Copy the entries exactly. Their pictures do not belong in the copy.

▼▼▼

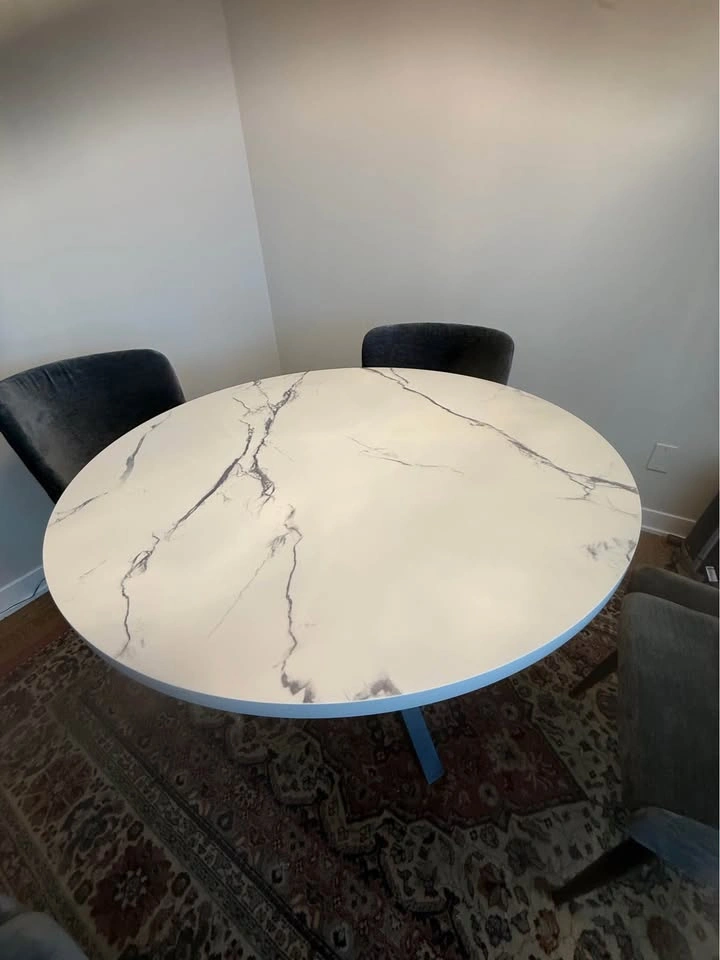 Modern Round Dining Table – Marble Look – Like New - photo 5
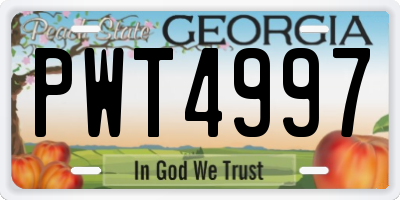 GA license plate PWT4997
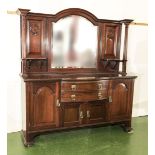 An Edwardian mahogany mirror backed sideboard, 185cm tall 180cm wide and 53cm deep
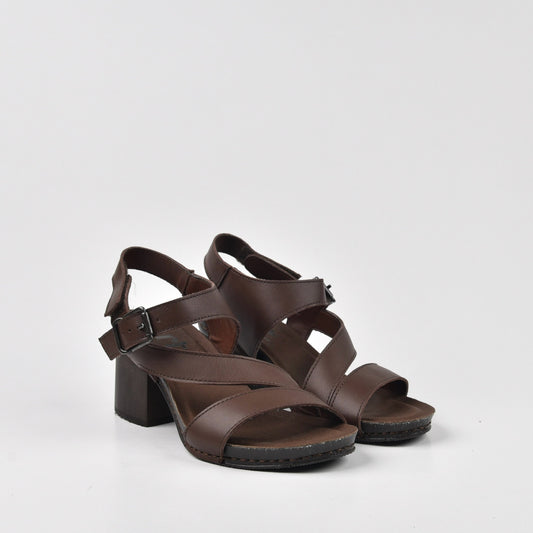 Art Spanish Strap Medium Heel Sandal for Women in Nappa Brown.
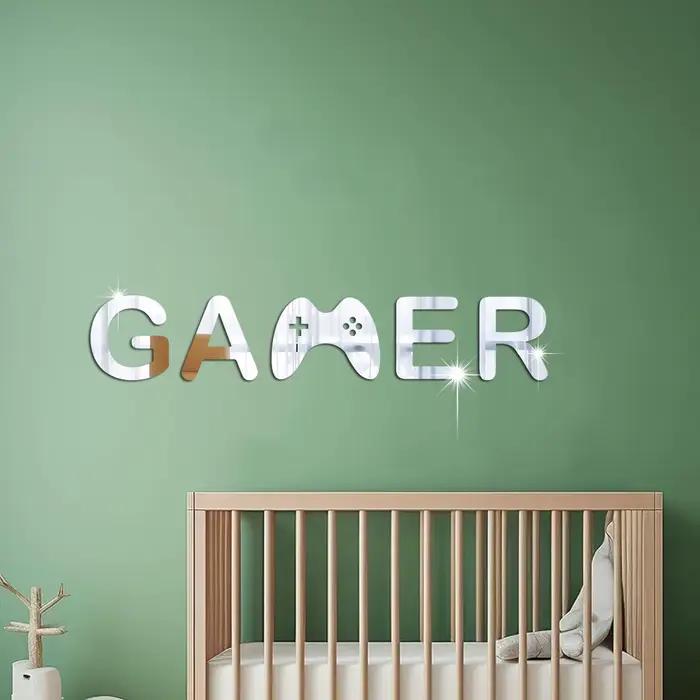 Autocollants muraux miroir de jeu 3D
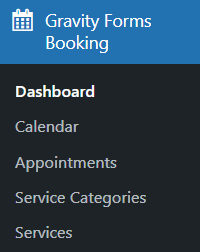 gravity form booking dashboard
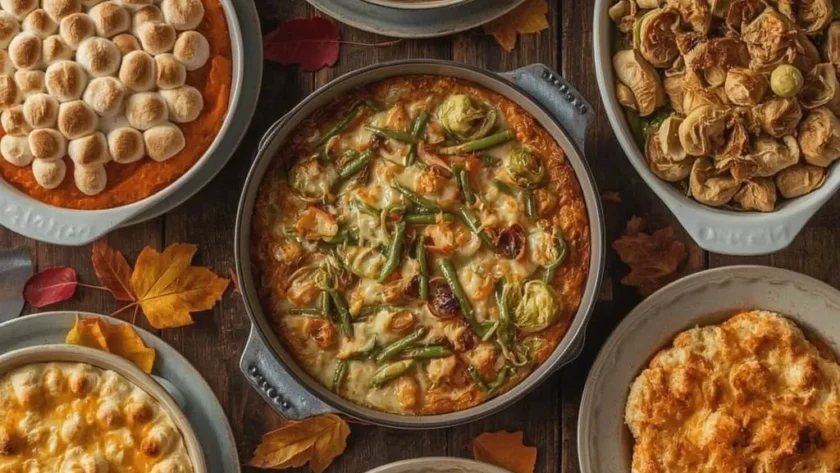 Thanksgiving casseroles including sweet potato, hash brown, green bean and Brussels sprouts gratin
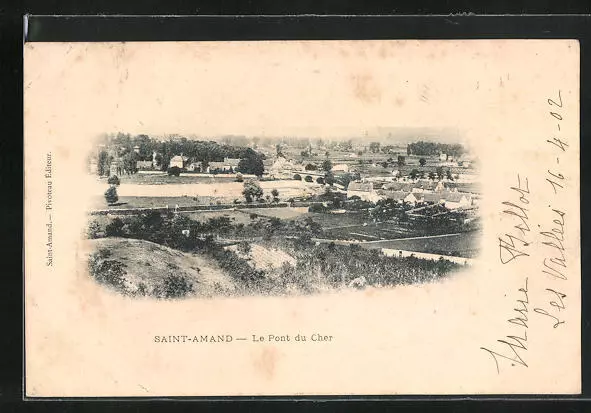 CPA Saint-Amand, Le Pont du Cher 1902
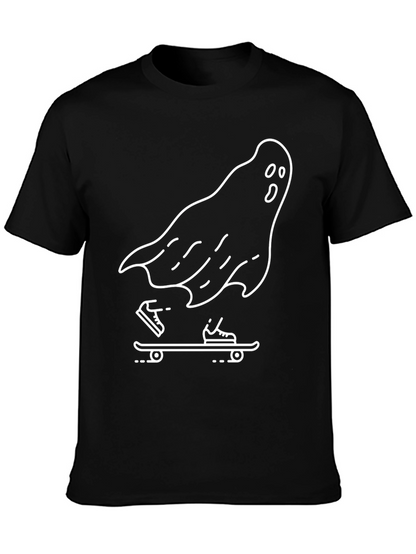 Camiseta Negra con Fantasma Skater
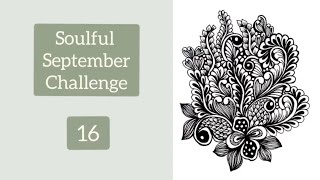 Soulful September Zentangle Challenge (16) l Corner Zen design l Tangled art l Zentangle Tutorial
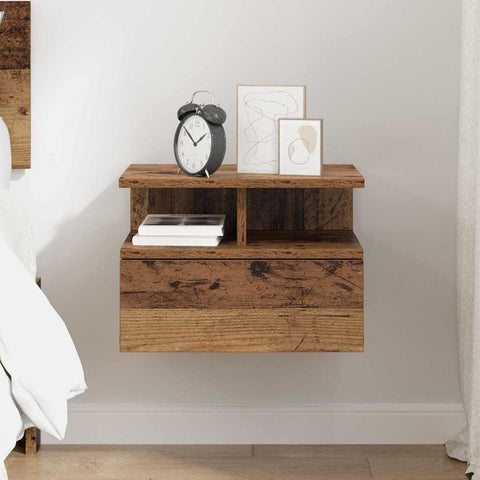 vidaXL Floating Nightstand Old Wood 40x31x27 cm Engineered Wood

▲▲▲

#### ANSWER FOR THE TASK
 Modern Round Dining Table – Marble Look – Like New - photo 5
 GA license plate PWT4997
 An Edwardian mahogany mirror backed sideboard, 185cm tall 180cm wide and 53cm deep
 Art Spanish Strap Medium Heel Sandal for Women in Nappa Brown.
 Autocollants muraux miroir de jeu 3D
 gravity form booking dashboard
 Thanksgiving casseroles including sweet potato, hash brown, green bean and Brussels sprouts gratin
 CPA Saint-Amand, Le Pont du Cher 1902
 Camiseta Negra con Fantasma Skater
 Soulful September Zentangle Challenge (16) l Corner Zen design l Tangled art l Zentangle Tutorial
 vidaXL Floating Nightstand Old Wood 40x31x27 cm Engineered Wood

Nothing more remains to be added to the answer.